Copying exactly, give the lines in the material below from the one with "Anywhere But Here" to the one with "Download Free CNA Bingo Cards", ends included, and nothing besides.

Provided records =
┌──
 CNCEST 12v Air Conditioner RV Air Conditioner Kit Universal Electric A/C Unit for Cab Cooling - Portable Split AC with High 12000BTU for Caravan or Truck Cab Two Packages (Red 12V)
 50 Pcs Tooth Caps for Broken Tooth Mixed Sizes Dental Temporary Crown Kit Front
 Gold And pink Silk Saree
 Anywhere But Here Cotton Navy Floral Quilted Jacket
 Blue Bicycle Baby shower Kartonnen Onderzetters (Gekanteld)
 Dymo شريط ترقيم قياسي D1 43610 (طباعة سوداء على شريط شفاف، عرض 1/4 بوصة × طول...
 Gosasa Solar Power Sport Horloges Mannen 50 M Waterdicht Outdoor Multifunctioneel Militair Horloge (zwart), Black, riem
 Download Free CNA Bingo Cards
└──
┌──
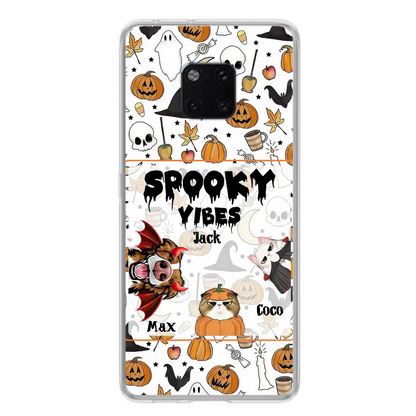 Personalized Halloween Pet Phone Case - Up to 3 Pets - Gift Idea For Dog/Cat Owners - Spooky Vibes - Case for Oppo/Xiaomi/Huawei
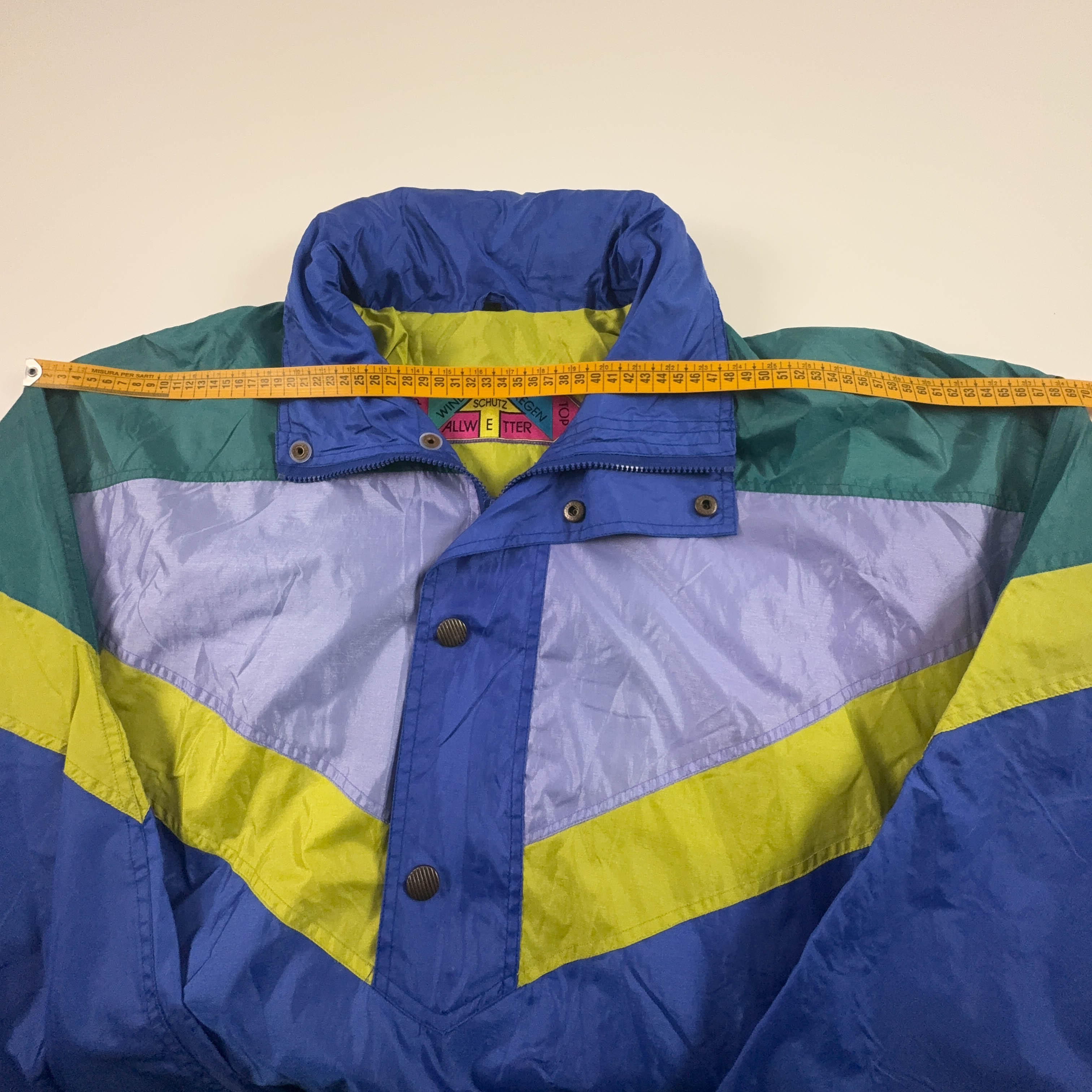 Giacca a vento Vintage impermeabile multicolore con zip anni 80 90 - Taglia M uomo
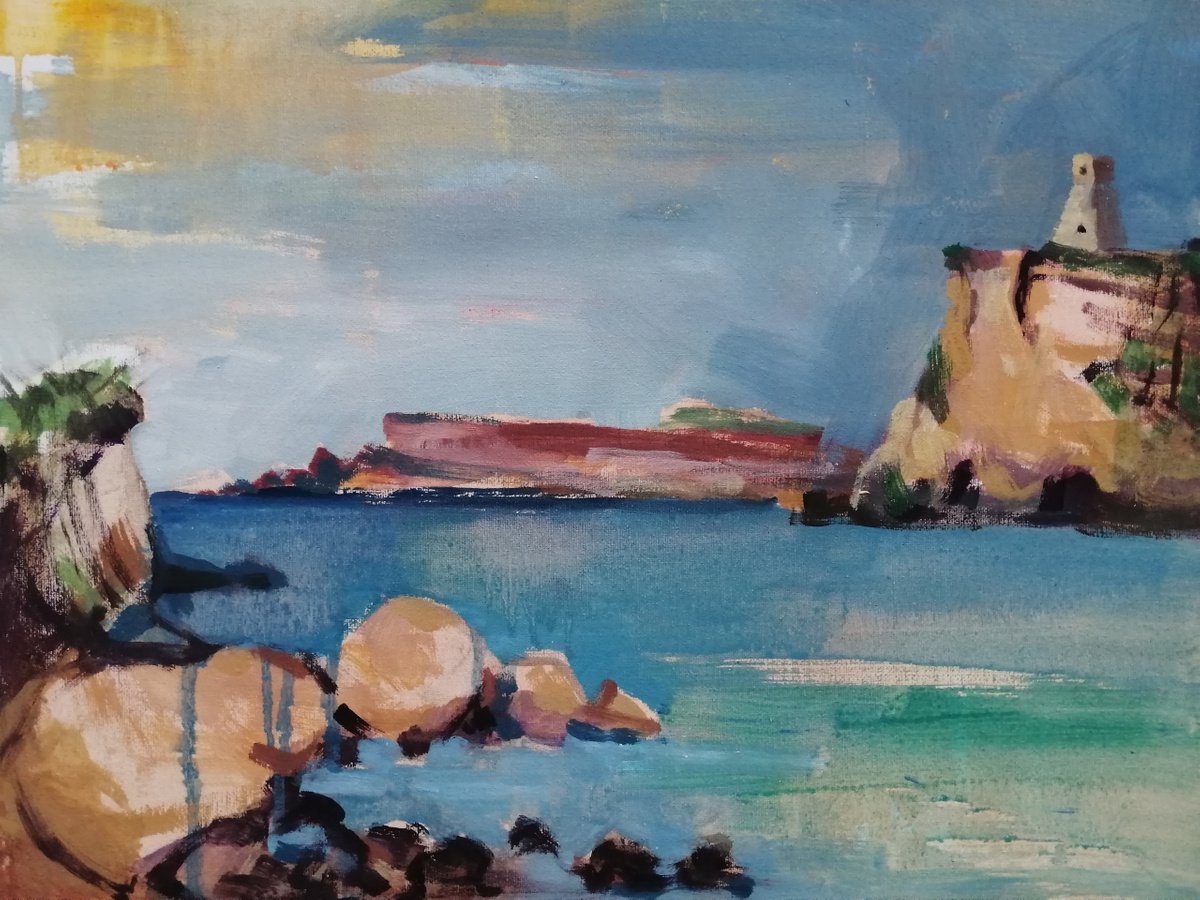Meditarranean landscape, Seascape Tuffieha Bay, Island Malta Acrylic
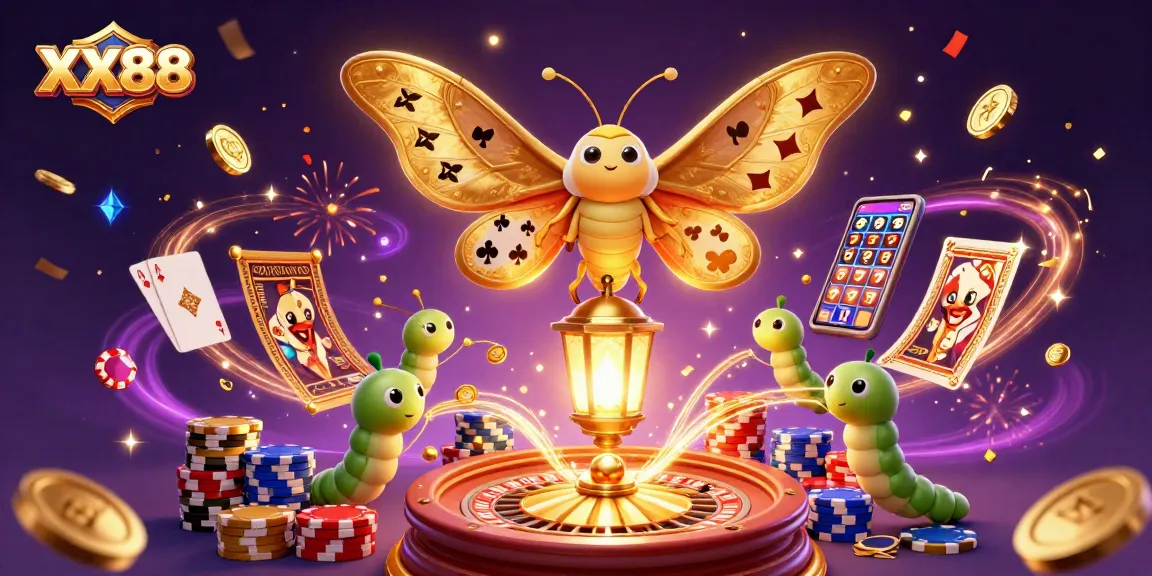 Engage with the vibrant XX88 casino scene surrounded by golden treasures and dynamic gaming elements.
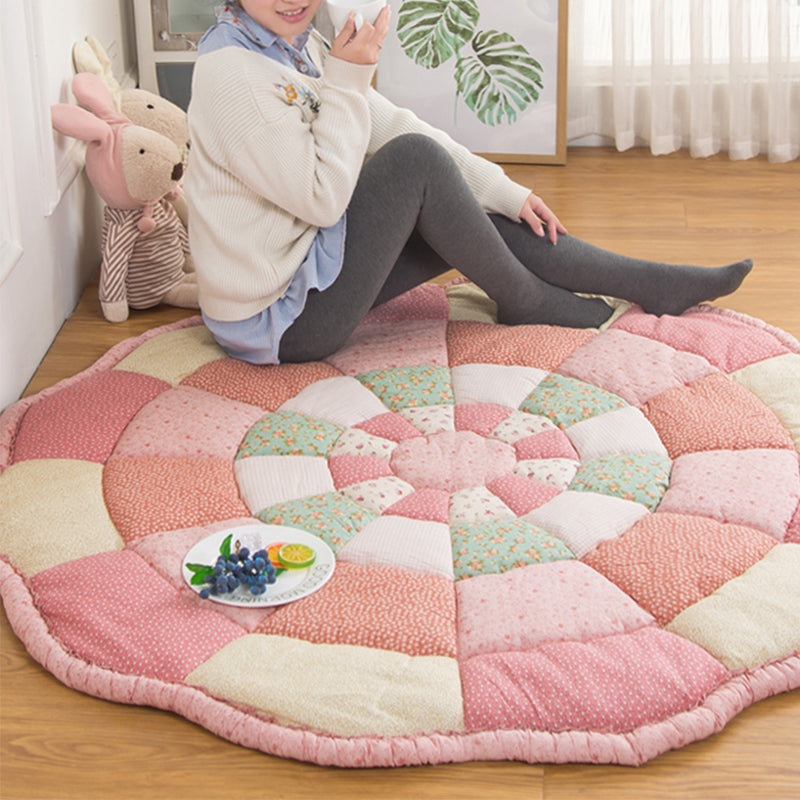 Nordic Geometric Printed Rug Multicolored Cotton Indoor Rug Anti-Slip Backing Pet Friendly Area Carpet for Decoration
└──
┌──
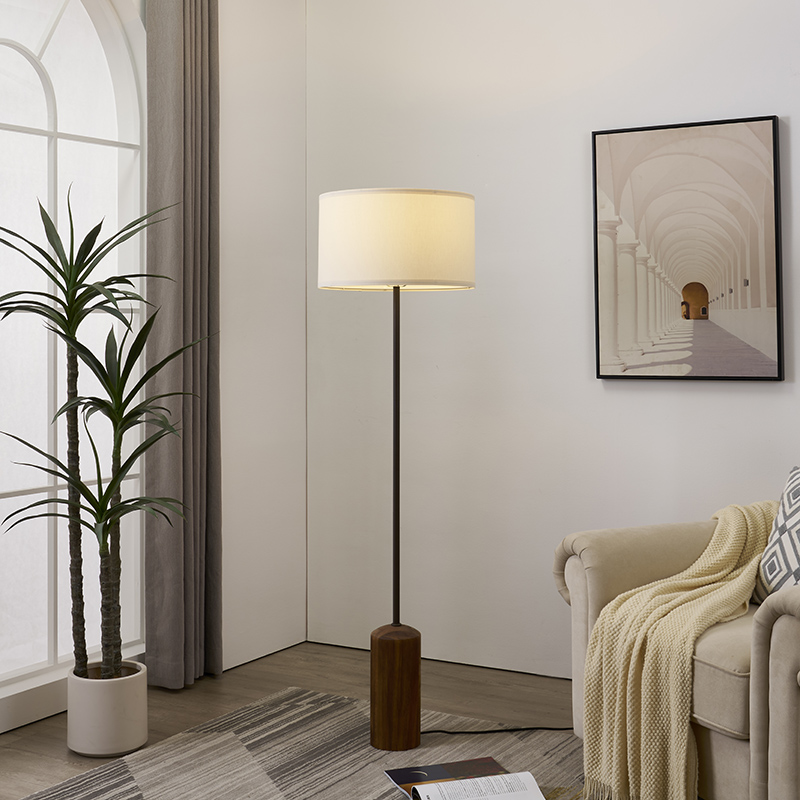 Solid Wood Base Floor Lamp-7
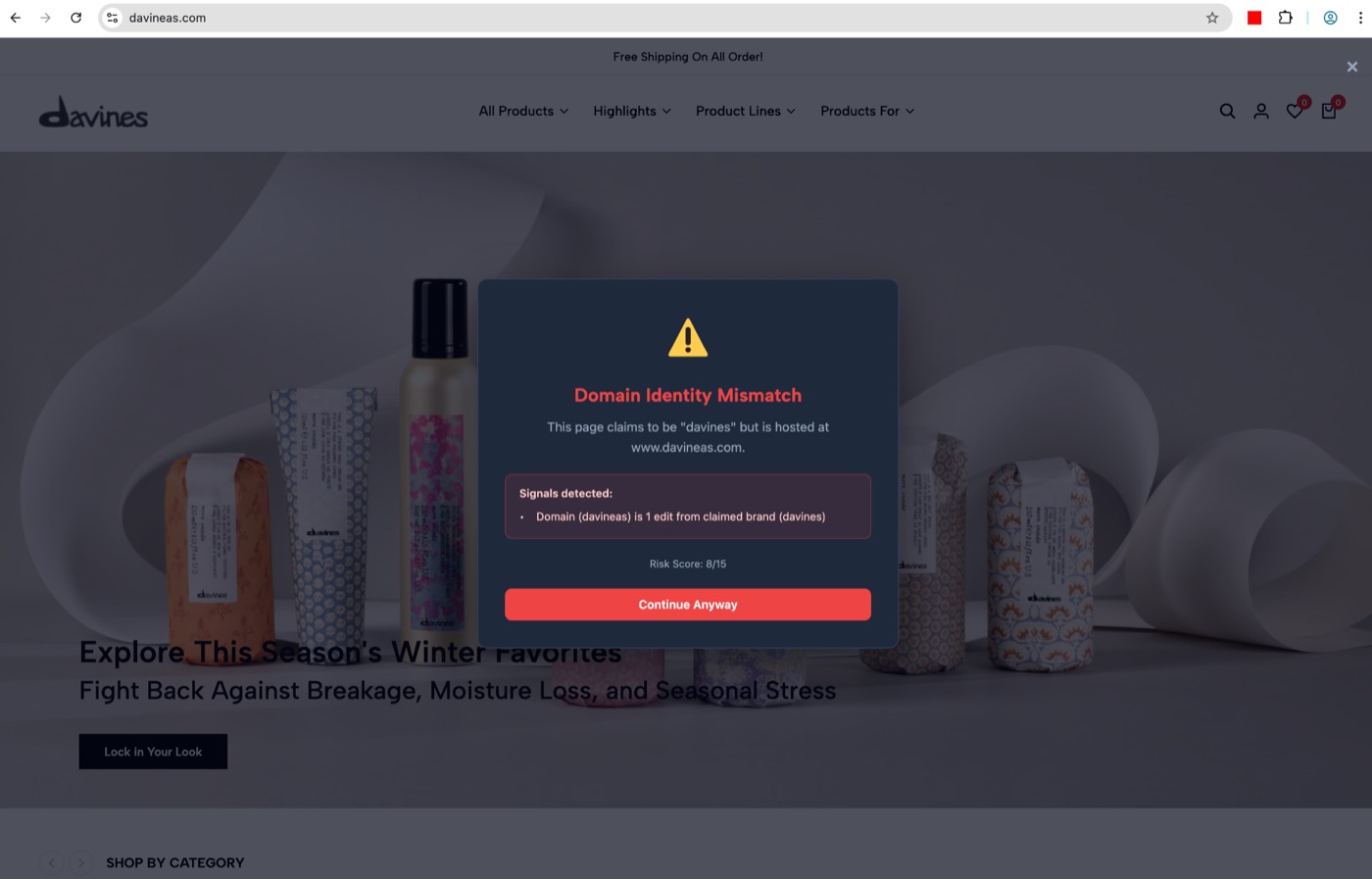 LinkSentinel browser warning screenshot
└──
Task output =
 Anywhere But Here Cotton Navy Floral Quilted Jacket
 Blue Bicycle Baby shower Kartonnen Onderzetters (Gekanteld)
 Dymo شريط ترقيم قياسي D1 43610 (طباعة سوداء على شريط شفاف، عرض 1/4 بوصة × طول...
 Gosasa Solar Power Sport Horloges Mannen 50 M Waterdicht Outdoor Multifunctioneel Militair Horloge (zwart), Black, riem
 Download Free CNA Bingo Cards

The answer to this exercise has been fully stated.